Hollywood’s slew of biblical films is no return from Exodus

The Bible goes shiny. Twentieth Century Fox

The tan-tastic trailer for Ridley Scott’s new epic Exodus: Gods and Kings was recently released, to lukewarm response. What I find most striking about the trailer is not, as you might expect, Christian Bale’s representation of Moses, but that the cast managed to rival The Kardashians for overly liberal application of St Tropez and extraordinary HD brows. Never has the Bible looked so orange.

The film is stated to be the first in a series of biblically inspired films for Scott. Exodus will be followed by a film on the giant-slaying biblical King David, and then a TV film adaptation of Bill O’Reilly’s bestselling book Killing Jesus.

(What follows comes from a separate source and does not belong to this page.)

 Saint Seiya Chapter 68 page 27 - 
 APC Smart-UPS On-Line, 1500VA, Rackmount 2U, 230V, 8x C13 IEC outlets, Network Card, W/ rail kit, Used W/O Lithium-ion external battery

In addition, MGM have announced a remake of Ben Hur. This slew of biblical blockbusters following hot on the heels of the success of Noah and the TV mini-series The Bible, is causing many to ask why biblical epics are making a Hollywood comeback.

It seems that the Bible has been off the Hollywood menu since the mid-20th century when films such as Samson and Delilah and The Ten Commandments brought the text to cinema goers. Since then, despite the success of Mel Gibson’s 2004 Jesus torture epic The Passion of Christ, biblical films don’t seem to have gained any traction in Hollywood – until now.

Tantastic.

Talking to the BBC, biblical scholar David Shepherd argued that mainstream cinema returns to the Bible when it’s under threat:

It’s worth remembering that the cinema has often turned to the Bible and other epic subjects when it was under threat. In the early 20th Century, the cinema turned to the Bible to prove to its detractors that it was a force for good, not evil … In the 50s, it was the rise of television which prompted DeMille and others to turn to the biblical film, filling the big screen with casts and sets of epic proportions.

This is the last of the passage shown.